Kita tidak mendapat apa-apa dari pernyataan kalau sesuatu itu ada diluar jangkauan fisika. Kita sungguh tidak tahu apakah jangkauan itu terbatas atau tidak.

Reduksionisme, Prinsip Antropik, dan Sains yang Relijius
 
Di hadapan saya terhampar dua artikel ilmiah populer tulisan dua peraih Nobel fisika terkenal, Steven Weinberg dan Frank Wilczek. 

Dengan menggunakan perumpamaan: 

“Apa yang  akan terjadi seandainya  muatan elektron sedikit lebih kecil dari nilai semestinya.?”

Dalam hati Saya jawab: 

"Sangat dramatis, tidak akan ada atom, molekul, kehidupan, bahkan planet dan galaksi seperti yang kita kenal saat ini."

Kedua fisikawan besar ini membahas kemandegan pengembangan teori superstring, teori yang dipercaya banyak ilmuwan sebagai kandidat Teori Segalanya (Theory of Everything atau TOE). Weinberg adalah salah seorang peraih Nobel untuk perumusan Model Standar (bersama Abdus Salam  dan  Sheldon  Glashow),  suatu  model  yang  menghimpun  sekumpulan  persamaan matematis yang menjelaskan semua gaya yang dikenal manusia, kecuali gaya gravitasi.
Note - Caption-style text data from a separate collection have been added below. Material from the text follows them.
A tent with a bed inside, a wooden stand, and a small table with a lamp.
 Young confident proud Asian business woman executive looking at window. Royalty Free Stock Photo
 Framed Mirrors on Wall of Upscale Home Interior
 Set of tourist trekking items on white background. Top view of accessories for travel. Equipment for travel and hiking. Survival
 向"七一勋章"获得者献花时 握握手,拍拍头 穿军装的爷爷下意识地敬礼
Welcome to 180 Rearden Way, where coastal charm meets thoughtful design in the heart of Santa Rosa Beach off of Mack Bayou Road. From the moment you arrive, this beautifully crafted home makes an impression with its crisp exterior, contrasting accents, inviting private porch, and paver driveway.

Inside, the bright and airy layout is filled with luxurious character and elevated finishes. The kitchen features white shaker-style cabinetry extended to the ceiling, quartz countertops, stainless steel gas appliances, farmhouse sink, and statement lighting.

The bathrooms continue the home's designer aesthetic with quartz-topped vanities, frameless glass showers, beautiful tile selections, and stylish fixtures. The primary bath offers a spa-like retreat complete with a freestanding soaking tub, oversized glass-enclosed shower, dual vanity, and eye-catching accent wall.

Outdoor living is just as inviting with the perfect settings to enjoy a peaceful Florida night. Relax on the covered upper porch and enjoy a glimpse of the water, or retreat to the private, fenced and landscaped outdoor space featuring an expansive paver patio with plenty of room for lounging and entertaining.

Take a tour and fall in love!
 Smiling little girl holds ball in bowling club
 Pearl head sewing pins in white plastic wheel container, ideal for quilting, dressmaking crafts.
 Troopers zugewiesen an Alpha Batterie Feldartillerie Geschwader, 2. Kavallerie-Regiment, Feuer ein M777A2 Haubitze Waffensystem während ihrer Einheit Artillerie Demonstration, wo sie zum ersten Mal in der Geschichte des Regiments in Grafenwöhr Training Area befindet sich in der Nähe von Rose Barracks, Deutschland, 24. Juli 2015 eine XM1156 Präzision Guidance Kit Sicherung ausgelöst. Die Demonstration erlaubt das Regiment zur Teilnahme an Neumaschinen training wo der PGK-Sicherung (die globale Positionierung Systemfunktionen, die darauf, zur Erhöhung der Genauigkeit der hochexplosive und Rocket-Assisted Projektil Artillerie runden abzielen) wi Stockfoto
Frank Wilczek memperoleh Nobel fisika tahun 2004 untuk jasanya memecahkan masalah pelik dalam teori Kromodinamika Kuantum, teori yang menjelaskan mengapa zarah terkecil yang diesbut quark tidak pernah lepas dari proton atau netron.

Dari  pengalamannya,  Weinberg  merasa  perkembangan  fisika  saat  ini  sedang  mengalami semacam titik balik (turning point) karena kemandegan yang terjadi telah memberi angin segar pada  Prinsip  Antropik  sebagai  alternatif  penjelasan  hakiki  fenomena  alam  dari  skala femtoskopik (ukuran zarah 10^-15 m) hingga makroskopik (ukuran jagat raya). 

Berbeda dengan tradisi yang  selama  ini  berlaku  di  ranah  fisika  teori,  Prinsip  Antropik  sangat  mengedepankan pengamat,  dalam  hal  ini  agen  intelektual,  sebagai  agen  penting  yang  menentukan  proses sekaligus hasil akhir dari fenomena fisika.

Sementara itu, Frank Wilczek menggaris bawahi beberapa faktor yang menumbuhkan keraguan pada fisikawan tentang keberadaan garis finish dari upaya ratusan tahun pencarian persamaan matematika terakhir yang dapat menjelaskan segalanya.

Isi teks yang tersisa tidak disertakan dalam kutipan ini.